Mais pourquoi la panne elle-même? On pourrait se dire qu'un accident peut toujours arriver. Après tout, si la panne a occasionné de nombreuses gênes -ascenseurs bloqués, trains arrêtés en rase campagne, chauffages éteints-, il n'y a rien eu de catastrophique. Mais quand on en regarde de plus près les causes, cette panne-là en annonce d'autres et, peut-être, de plus graves.

Depuis bien des années, la consommation électrique s'accroît. À celle des entreprises industrielles s'ajoute celle des centres commerciaux, des super et hypermarchés, leur éclairage, leur chauffage, leurs équipements frigorifiques en fonctionnement jour et nuit, sans parler de la publicité. Les usagers particuliers consomment aussi toujours plus parce que c'est une forme d'énergie commode, mais aussi parce qu'ils y sont poussés par l'usage d'une multitude de gadgets plus ou moins utiles. C'est le progrès, pourrait-on se dire. Peut-être. Encore que personne ne maîtrise cette croissance anarchique et, surtout, que l'offre d'électricité ne suit pas en raison du sous-investissement.

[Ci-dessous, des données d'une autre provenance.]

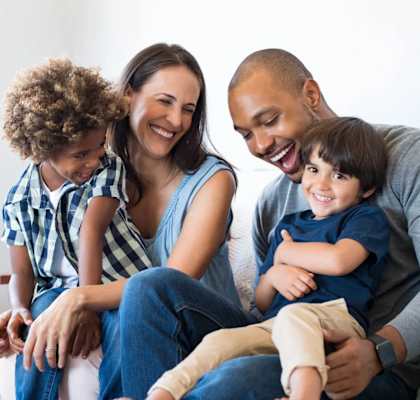 A family of four is sitting on a couch together.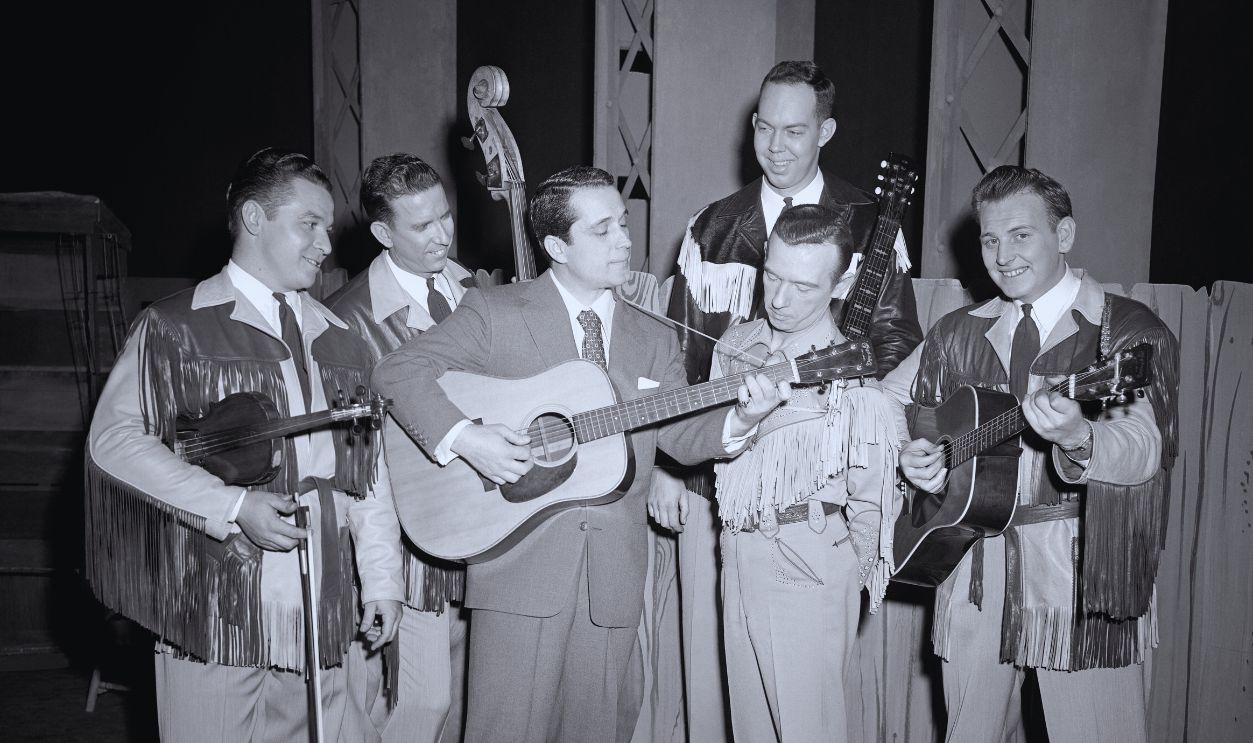 Gettyimages - 2182940264, The Perry Como Show (L-R) American singer and actor Perry Como (1912 - 2001, third from left) plays his guitar as Canadian American guitarist and singer Hank Snow (1914 - 1999, second from right) and members of the Rainbow Ranch Boys watch closely during the filming of 'The Perry Como Show' in New York, New York, February 27, 1952. 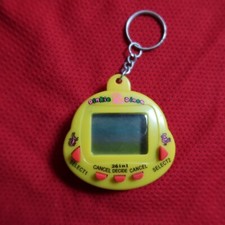 Usado, Raro Tamagotchi Dinkie Dino 26 em 1 animal de estimação virtual anos 90 brinquedo eletrônico digital para animais de estimação comprar usado  Enviando para Brazil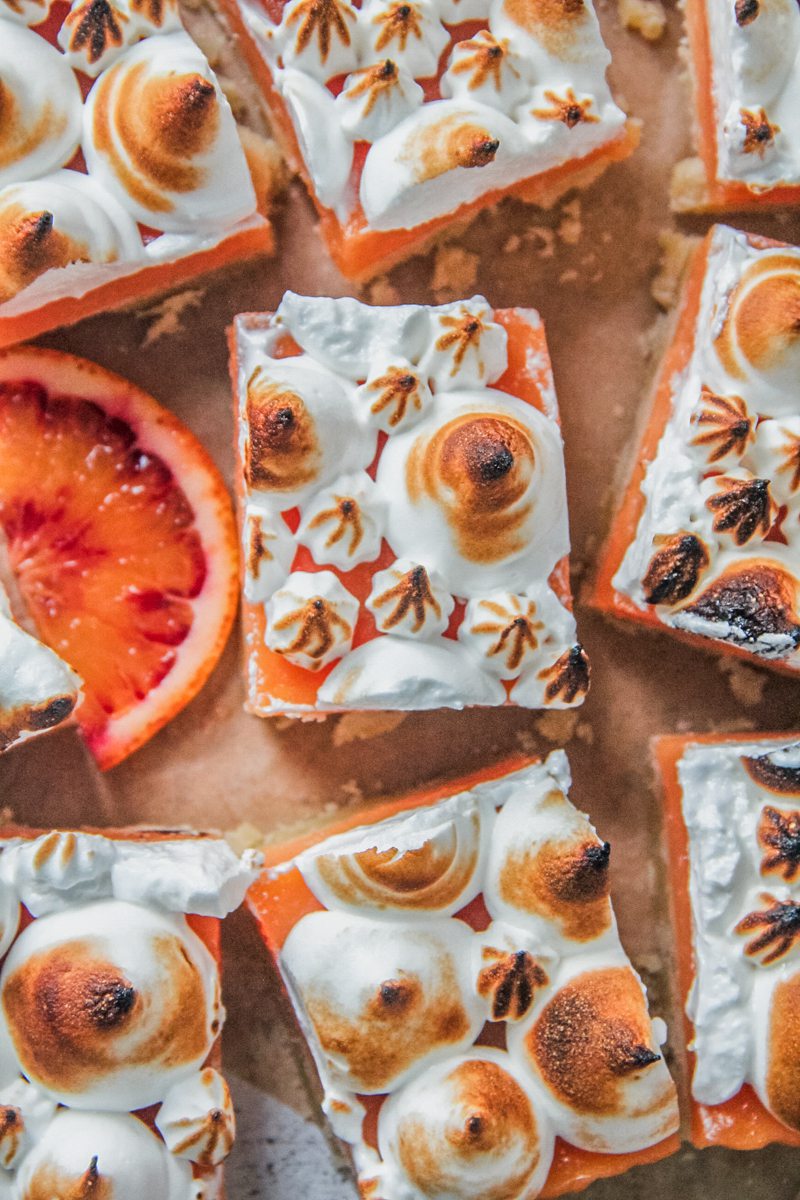 Rectangles of blood orange meringue bars sit on a parchment paper surface.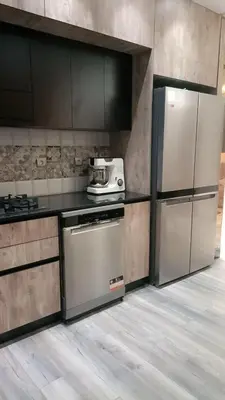 a kitchen with a refrigerator and a stove at Luxury SeaView Apartment 2 Minutes From Beachfront in Rabat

Les compagnies qui produisent de l'électricité investissent de moins en moins. Même celles qui, comme EDF, sont nationales, se comportent déjà sur le marché international comme des compagnies privées. Elles préfèrent utiliser leurs profits à racheter des centrales et des réseaux déjà existants ailleurs dans le monde plutôt que de développer les investissements productifs.

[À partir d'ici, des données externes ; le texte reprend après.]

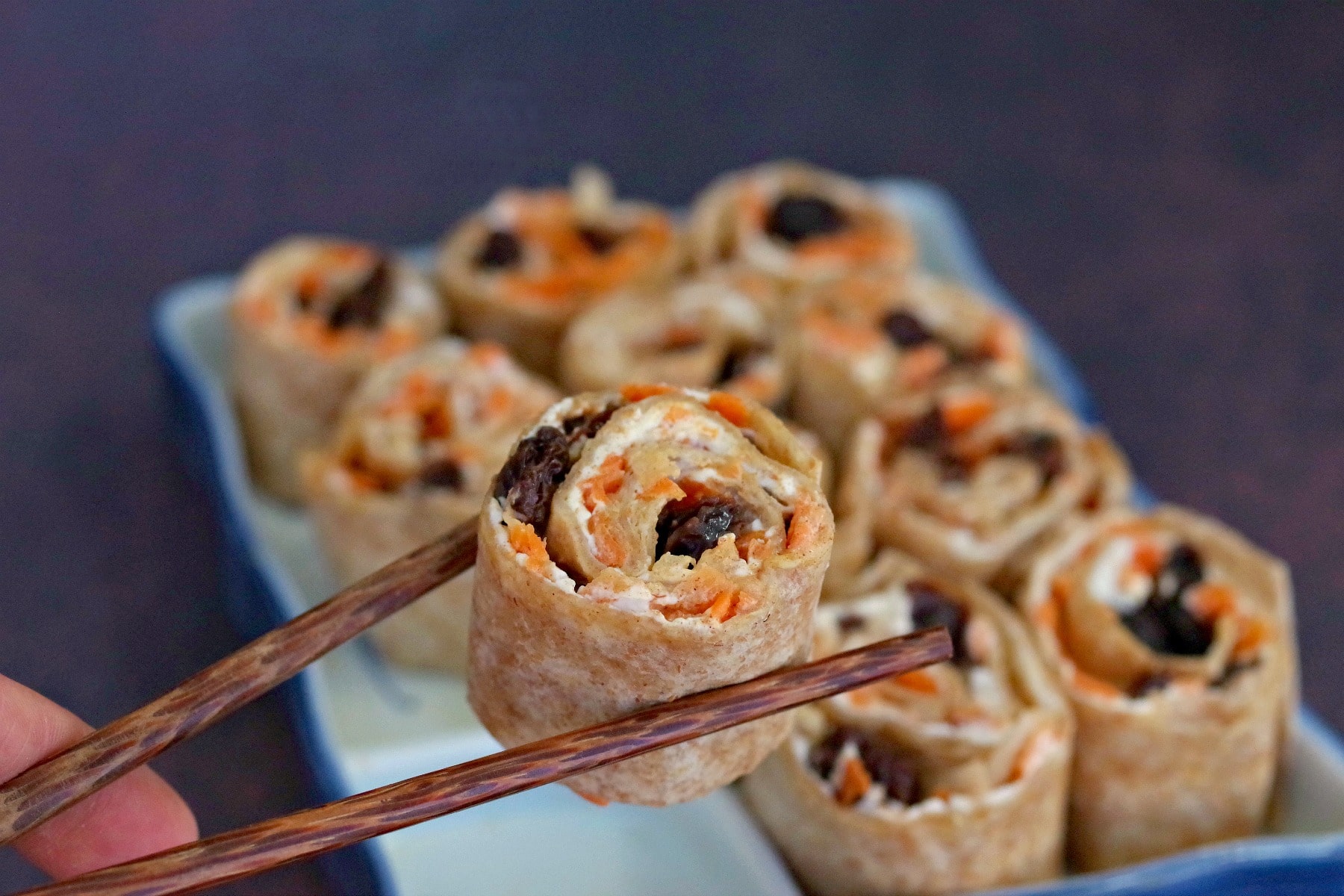 raisin sushi being held up with chopsticks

Les entreprises d'électricité se comportent comme toutes les grandes entreprises en position dominante: elles préfèrent gagner plus en augmentant les prix mais avec les équipements déjà existants que l'on use jusqu'à la corde.

Bien que la production et la consommation d'électricité des différents pays européens soient interdépendantes, ce sont quand même les autorités nationales qui ont le dernier mot. La contradiction entre l'interdépendance d'un bout à l'autre du continent et le morcellement en autorités nationales est une source de chaos.

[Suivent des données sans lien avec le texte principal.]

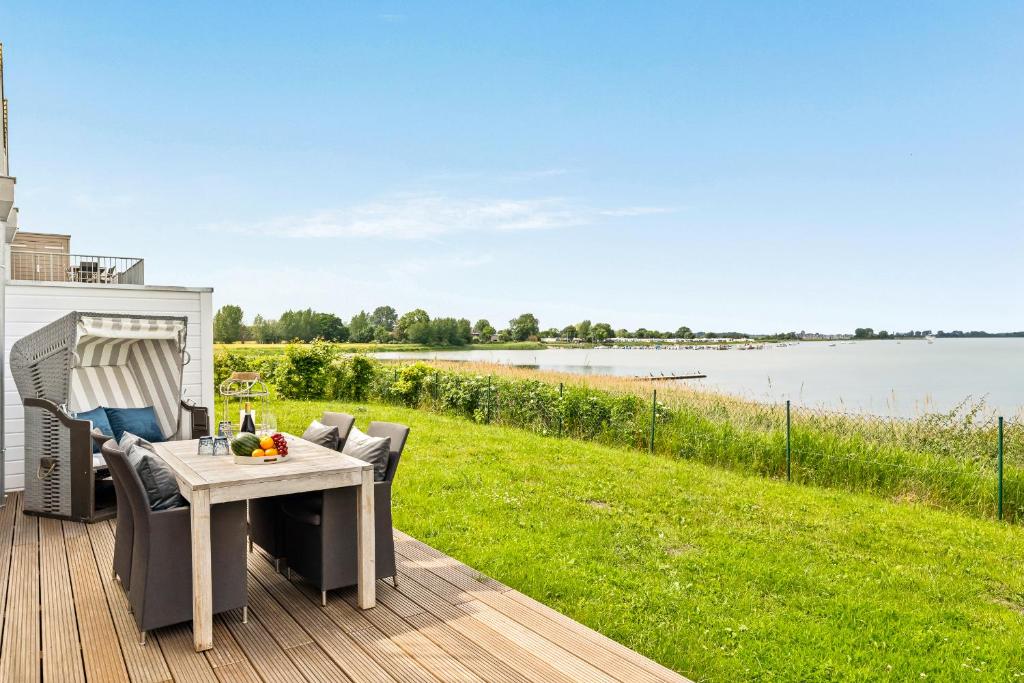 a table and chairs on a deck with a view of a lake at Ferienwohnung WeitBlick Olpenitz in Olpenitz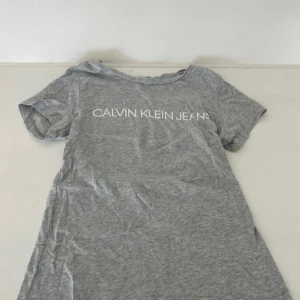 Grå t-shirt från Calvin Klein Jeans - Snygg grå t-shirt från Calvin Klein Jeans med vit logga tryckt över bröstet. Klassisk passform med rund hals och korta ärmar. Perfekt basic-plagg som funkar till allt och är superbekväm tack vare mjukt bomullsmaterial.
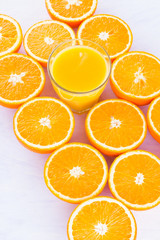 Halved oranges fruit and glass of juice. Citrus for making juice. A lot of sliced oranges on a white background. Background of oranges. Top view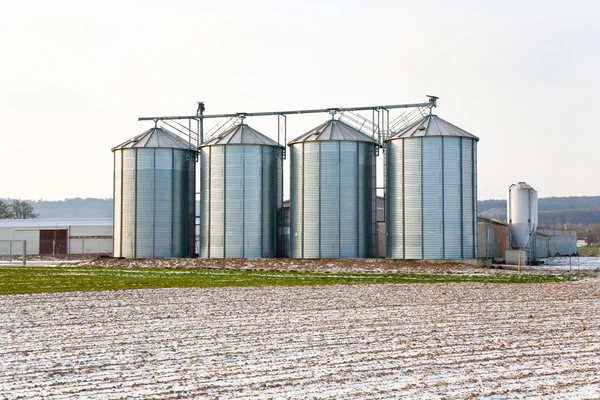 Acres with snow in winter with silo in beautiful light and struc — Stock Photo, Image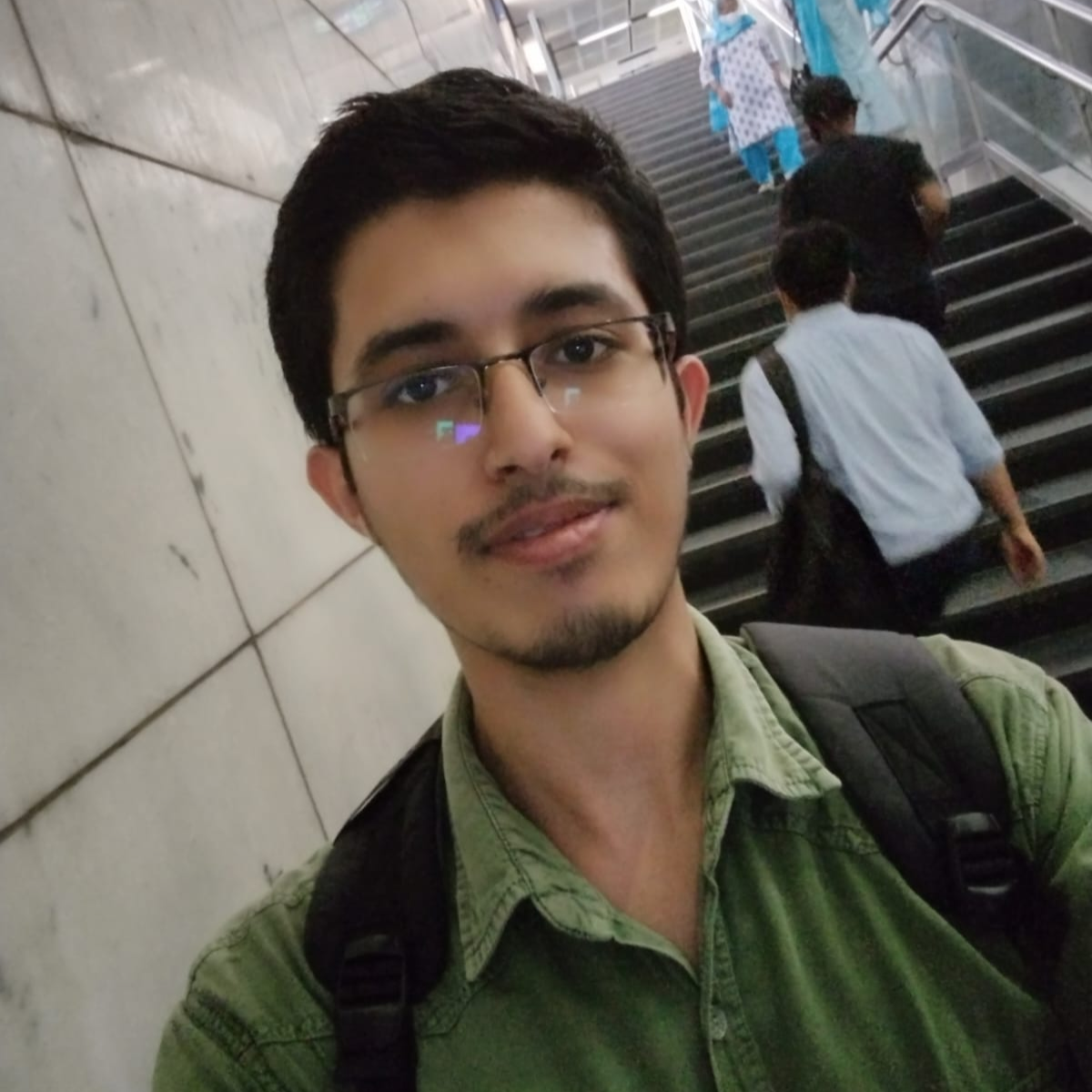 A designer and coder from India, in metro station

Mais il y a pire: le morcellement que l'on introduit en faisant de la distribution de l'électricité un marché, ouvert à la concurrence et à la course au profit. L'électricité devrait être un service public à l'échelle du continent. La course au profit prépare des accidents d'une tout autre ampleur que celui du samedi 4 novembre.

Les États-Unis, pourtant de loin le plus développé et le plus riche des pays capitalistes, ont connu plusieurs pannes géantes, la dernière ayant privé d'électricité New York et près de 50 millions d'Américains.

La panne survenue en 2001 dans le plus riche des États américains, la Californie, avait pour cause directe la concurrence acharnée entre entreprises privées qui, toutes, visaient le profit à court terme au détriment des investissements nécessaires, y compris, à l'instar d'Enron, par l'escroquerie et la fraude.

Le capitalisme américain a bien souvent indiqué l'avenir pour les grands pays européens. La concurrence, la course au profit privé conduisent au chaos. Et ce n'est pas vrai seulement pour l'électricité mais aussi pour l'ensemble de l'économie.